Now, this unconstitutional provision has in the past been upheld as constitutional in dreaded “anti-terror” laws such as Terrorist and Disruptive Activities (Prevention) Act, 1987, (Tada). This was obviously canvassed with the Supreme Court in arguments in support of the provision. However, the court differentiated the context of the earlier judgment (terror law) as compared with the PMLA (which has now covered within its sweep multiple laws across the board). In fact, it is provisions such as these that made society dread Tada. Once suspected of terror activity and arrested, the onus literally would shift to the accused to satisfy the court system to stay out of jail — remember consideration of bail is before the trial gets underway.
Interestingly, across governments (headed by political parties of supposedly varying colour), legislation with the bail provisions now held to be unconstitutional have been introduced. The abolition of grant of bail without hearing the government’s position, and the requirement to satisfy the court that the accused is not guilty has become so rampant that it has now found place even in basic company law. When fraud is alleged, the onus of satisfying the court considering the bail application that the accused is not guilty, and is unlikely to commit another offence, shifts to the accused under the Companies Act, 2013. Besides, the public prosecutor necessarily has to be heard — which simply means that even if she is unavailable and seeks a few adjournments, the person arrested has to stay inside jail even before trial. Moreover, the court must be satisfied that the person accused is unlikely to commit any offence when out on bail.
In the PMLA case, the Supreme Court was told that its earlier decisions had upheld actions under these provisions, but the apex court rightly pointed out that in those decisions, the question before the court did not involve a challenge to the constitutional validity of the provisions.
The PMLA started as a check on laundering of proceeds of crime earned out of a narrow set of specific serious offences. The list of these offences, set out in a schedule to the PMLA (titled “scheduled offences”), kept growing through amendments. Heinous crimes like human trafficking and drug running, the original big ones on the list of scheduled offences, suddenly found violations such as failure to make an open offer under takeover regulations, keeping them company.
This kind of legislative thinking is what has led to bail provisions usually seen in laws prohibiting drug trafficking to find their way into law governing the running of companies.
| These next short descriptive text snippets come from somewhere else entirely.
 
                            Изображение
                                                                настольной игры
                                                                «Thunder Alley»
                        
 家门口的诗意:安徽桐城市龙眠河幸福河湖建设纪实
In other words, the risk of being accused of fraud when running a company is as high as the risk of being accused of drug trafficking when it comes to personal liberty and the ability to be granted bail. In the PMLA decision, the Supreme Court has built multiple scenarios of the timing of initiation and conduct of trial under the primary law and the trial under the PMLA to show how mindless and arbitrary the formulation has been, and has held the conditions for grant of bail to be unconstitutional.
When differentiating from the earlier ruling upholding these provisions as constitutionally valid in Tada, the Supreme Court has also extracted portions of that earlier judgment, which show that the Supreme Court had then taken note of the existence of such provisions in other laws affecting revenue. However, the constitutional validity of these provisions in those revenue legislation had not been challenged — they were only noticed by the court then. Now that these provisions have been held to be unconstitutional in the context of PMLA, it is critical for such provisions to be reviewed in the context of every legislation in which they reside. A good rule of law system would mean that this is done without asking the courts to consider each case and when they get presented. But that is truly wishful thinking in the political economy. However, some low-hanging fruit like company law could be a good starting point.